Bobby Sands (1954-1981) IRA hunger-striker

On May 5, 1981, Bobby Sands became the first of ten Provisional IRA hunger-strikers to die in the so-called H blocks of Belfast's controversial Maze Prison. Sands was serving a 14-years sentence for firearms offences. His protest was in support of demands for the reintroduction of special category status for Republican prisoners and had lasted 65 days.

During that time he had been elected to the Westminster Parliament in a by-election in the Northern Irish constituency of Fermanagh and South Tyrone. On May 7, he was buried in a Republican plot in West Belfast's Milltown cemetery.

Sands was born in March 1954 in Newtownabbey, a Unionist area. When he was six, the Unionists found out that his family was both catholic and nationalist, after which started the intimidation and harassment. Twice the family had to move. Bobby Sands joined the IRA in 1972.

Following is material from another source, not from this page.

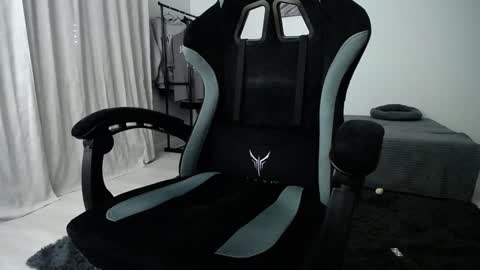 Adam online show from 1, 1, 2025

In 1977 the British authorities hauled Sands before the court on a charge of possession of a revolver. Although he was tortured, he did not confess of any crime. The torture of Irish prisoners, of whom Bobby Sands was only one of thousands, was the direct result of instructions from the British government, which said in effect: “Get convictions no matter how”. The beatings and torture were described by Sands in his poem, Castlereagh. He and his five companions were given 14 years each. Feeling a political prisoner, he wrote to his electorate during his hunger strike:

There is but a single issue at stake, the right for human dignity of Irish men and women. Our protest and this hunger strike is to secure from the British government an end to its policy of labelling us as criminals.

An additional comment by spiregrain: "From a little piece in by node heaven: "Bobby Sands was convicted in October 1972 for firearms offences relating to his possession of 4 pistols. He returned to prison in September 1977, having been convicted on firearms charges relating to a shootout with police after the bombing of the Balmoral Furniture Company in Dunmurry."